B-35: "The angle of the stress line of the props was cocked up at an angle. Instead of the stress line being symmetrical with the wing, it was cranked up this way. [Fingers up at what the kids thought was a 15 degree angle.] That was a basic flaw that Northrop had throughout his entire B-35 design. I don't know whether [Jack Northrop] was dumb, or he thought that it looked better, but right away he lost thirty percent efficiency on his props by doing that."

"What the Wing needed was: first, more power. Second, a thinner wing. Third, more sweep-back, and fourth, an auto-pilot system so you could fly it neutrally stable. So you wouldn't have all this up-elevator drag, and that is what the B-2 has."

[Karl Nickel said that the deployed elevons on the B-49 and the B-2 both indicated they had aft c.g.! -- DF]

[Instability in yaw:] "The yaw in the B-49 was over-exaggerated. It took a little practice.... I used to take generals for a ride and talk to them and they could fly it pretty good! So there was a certain amount of yaw damping, but when we perfected the auto-pilot on the wingtips ... that stopped it immediately. It was just dead smooth all the time. And yet the Air Force still complained about it. Even though it was a dead deal, so they were schooled to say that, apparently."

[The crash:] "I don't know what the cg was, because if the cg moved further and further aft, the airplane became less and less stable. All we know is that the outer wing panels were broken off in a postive g."

[His stall tests:] "The other two guys didn't want to do it. Max Stanley and Fred Bretcher. They didn't want any part of it. Max had never really stalled the airplane in all the time he'd flown it. He may tell you he did, but he didn't.... It started out with a pretty forward cg--about 23 percent--and it was a big airplane, a lot of inertia, and you pulled back, back, back until you couldn't pull any more, and the airplane would nose up and then the wing would drop off to the right. Then I'd let the thing accelerate to about 140 mph indicated, and then ease back and pull up."

[He wanted the landing gear down; they told him it made no difference.] "As we moved the c.g. back, the stick-force required became less and less. So finally I could get it to the point ... I called it the hold point. I could get it up to a certain angle and let go of the wheel and it would just stay there. Actually, it was at the neutral point where it was getting ready to go unstable. As you moved the c.g. back further, it took almost no force at all to get the nose going up, until finally I got to the stage where I'd pulled it back and then pushed forward all the way and the nose was still going up. With full forward stick! You'd ask yourself, What in the hell would happen next, you know."

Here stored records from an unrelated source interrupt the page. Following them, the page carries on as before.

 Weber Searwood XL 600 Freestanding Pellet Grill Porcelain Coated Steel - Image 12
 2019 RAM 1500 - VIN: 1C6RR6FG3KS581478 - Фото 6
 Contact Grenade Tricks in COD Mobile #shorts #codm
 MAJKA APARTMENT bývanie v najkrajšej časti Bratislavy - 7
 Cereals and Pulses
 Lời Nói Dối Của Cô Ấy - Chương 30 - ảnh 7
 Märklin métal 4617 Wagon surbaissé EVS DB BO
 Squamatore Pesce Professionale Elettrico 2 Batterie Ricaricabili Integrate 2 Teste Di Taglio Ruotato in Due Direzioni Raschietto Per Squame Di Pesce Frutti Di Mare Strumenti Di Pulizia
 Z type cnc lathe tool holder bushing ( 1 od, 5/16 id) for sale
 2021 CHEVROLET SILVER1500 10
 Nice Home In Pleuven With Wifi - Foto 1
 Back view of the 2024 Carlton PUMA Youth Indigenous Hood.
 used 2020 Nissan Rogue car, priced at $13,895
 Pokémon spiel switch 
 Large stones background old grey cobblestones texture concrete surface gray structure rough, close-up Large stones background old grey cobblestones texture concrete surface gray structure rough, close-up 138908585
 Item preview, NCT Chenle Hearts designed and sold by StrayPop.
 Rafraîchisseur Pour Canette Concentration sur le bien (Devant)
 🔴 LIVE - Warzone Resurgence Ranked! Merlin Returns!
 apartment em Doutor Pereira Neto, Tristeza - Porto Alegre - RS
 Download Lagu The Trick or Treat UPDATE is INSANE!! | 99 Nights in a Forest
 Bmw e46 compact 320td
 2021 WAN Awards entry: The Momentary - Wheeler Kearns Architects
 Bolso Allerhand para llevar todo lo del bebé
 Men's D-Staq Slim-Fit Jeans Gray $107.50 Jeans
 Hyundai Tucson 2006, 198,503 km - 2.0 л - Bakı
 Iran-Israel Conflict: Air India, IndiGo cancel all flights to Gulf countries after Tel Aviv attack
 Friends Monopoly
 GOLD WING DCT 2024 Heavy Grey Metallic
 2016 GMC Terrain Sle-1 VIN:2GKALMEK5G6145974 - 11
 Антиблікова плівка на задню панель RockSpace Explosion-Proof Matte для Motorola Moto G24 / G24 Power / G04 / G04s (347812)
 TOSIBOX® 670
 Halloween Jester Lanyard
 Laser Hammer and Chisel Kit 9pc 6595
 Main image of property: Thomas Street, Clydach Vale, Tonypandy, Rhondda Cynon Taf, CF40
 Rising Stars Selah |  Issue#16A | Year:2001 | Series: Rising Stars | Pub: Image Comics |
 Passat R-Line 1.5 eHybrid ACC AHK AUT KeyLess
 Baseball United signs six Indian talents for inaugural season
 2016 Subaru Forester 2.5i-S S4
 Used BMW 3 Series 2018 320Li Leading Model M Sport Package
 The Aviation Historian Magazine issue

"Well, the actual stall, there was no vibration, no shaking whatsoever anywhere on the 172 foot span. But it would always just drop off to the right, just gradually ease down, nose down. In that last stall I did, I was up against the stick, which was pulled [pushed] forward--and the nose going up. And of course I had no idea how high I was. I had a pitch indicator, but it was nothing but blue sky. I couldn't see any land. I didn't know if I was going over the top or what! Finally, it started right wing down, nose down, and then, probably foolishly, I let the thing-- I started my recover at 140, but with that half c.g. I should have known better. And I'd just started to ease back on it, and it snapped on me. Did a two-turn spin. And I ended up actually going straight down."

"So when I pulled the nose up, it went sher-sher and did that. Snap-rolled right into this [spin] so I jammed the stick forward and hit left rudder and it stopped. Of course now I could see the sagebrush practically.... I had a g meter right in front of me because this was only a two g airplane.... So two gs was my limit, but I managed to pull two and a half _g_s, while looking over my shoulder to see what was happened. Everything turned out okay, and that was the end of that. We had gone over 30 percent c.g.--way too far."

"When I went into my tailspin, the engineer had no idea what happened."